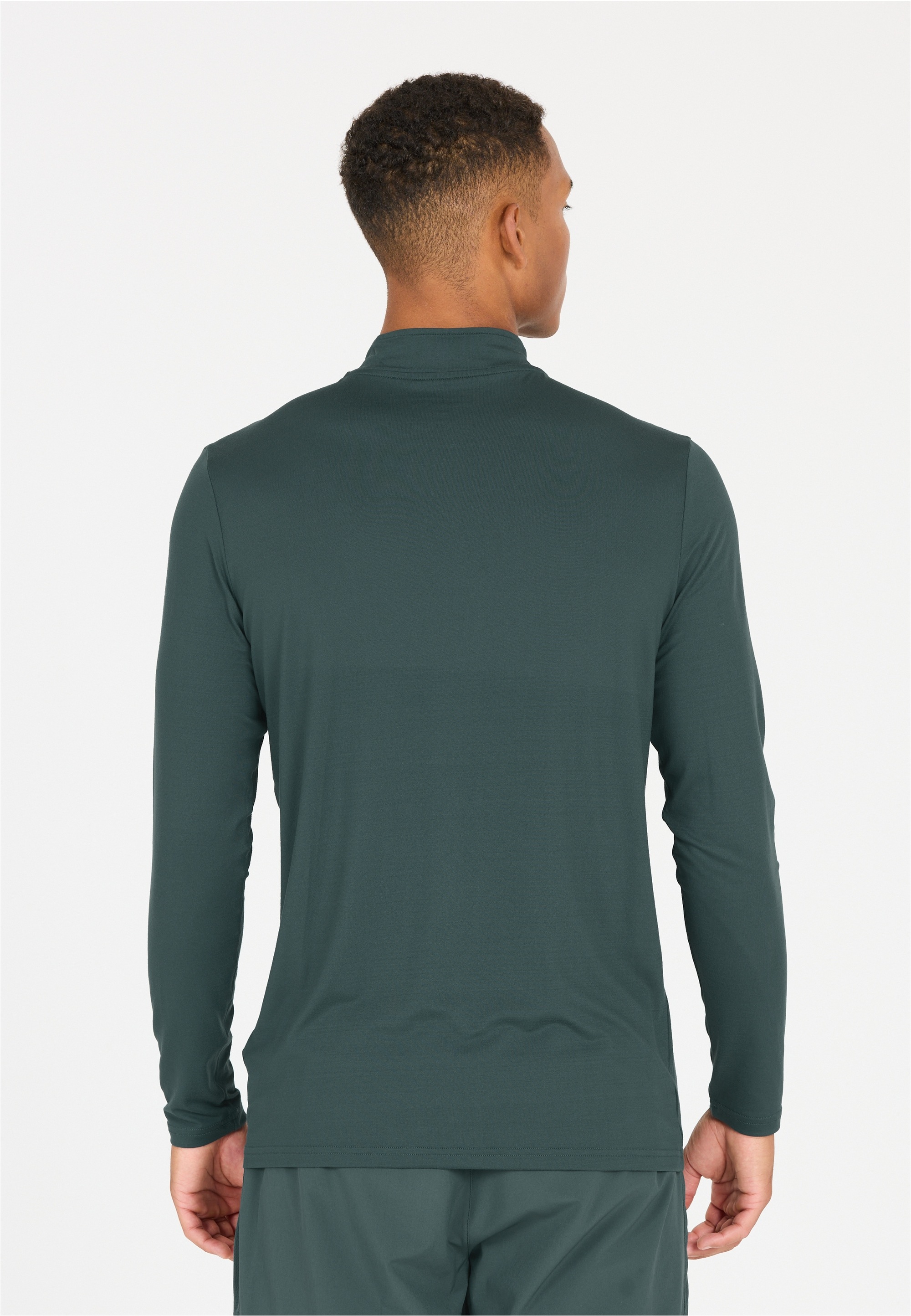 ENDURANCE Funktionsshirt »Armin«, mit Quick Dry-Funktion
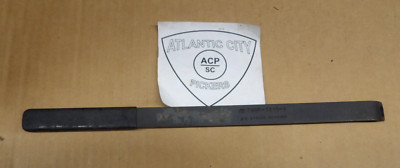 OTC Tool Air Spring Remover T90P-5310-A/204-163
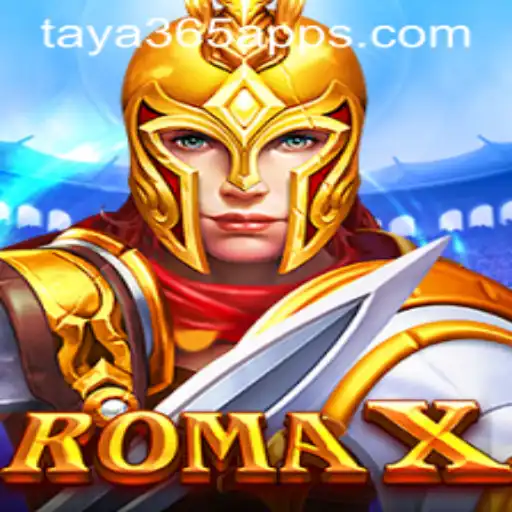 Exploring the Exciting World of RomaX: Your Guide to Mastering the Game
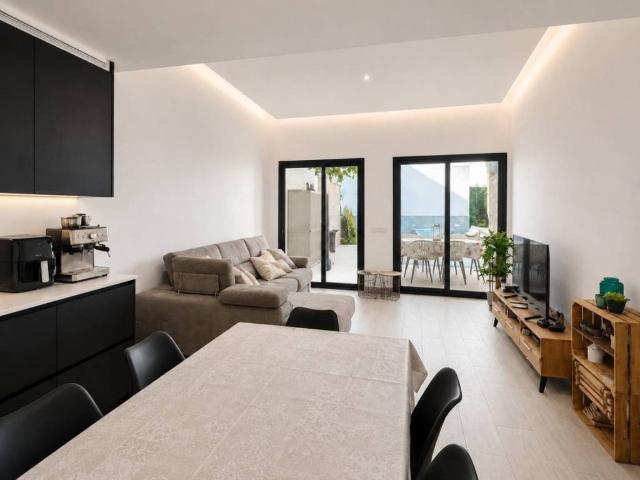 Casa en venta en Alt Empordà, Catalunya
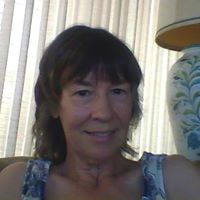 Ann Gleason Photo 32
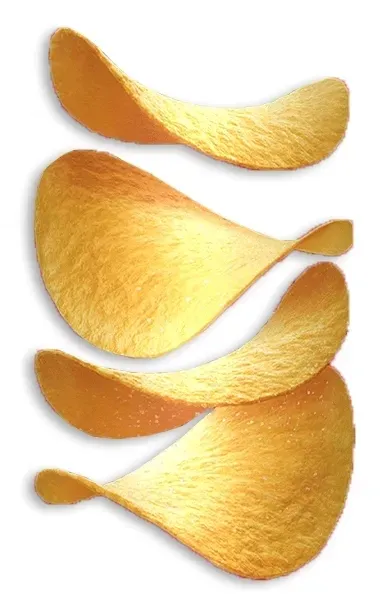 pringles-original-chrupki-165-g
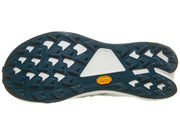 MEN'S HOKA Tecton X 3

··········

* _Directions for this task_
Aside from the pictures, repeat the listing exactly.

* _Output for this task_
 ENDURANCE Funktionsshirt »Armin«, mit Quick Dry-Funktion
 OTC Tool Air Spring Remover T90P-5310-A/204-163
 Exploring the Exciting World of RomaX: Your Guide to Mastering the Game
 Casa en venta en Alt Empordà, Catalunya
 Ann Gleason Photo 32
 pringles-original-chrupki-165-g
 MEN'S HOKA Tecton X 3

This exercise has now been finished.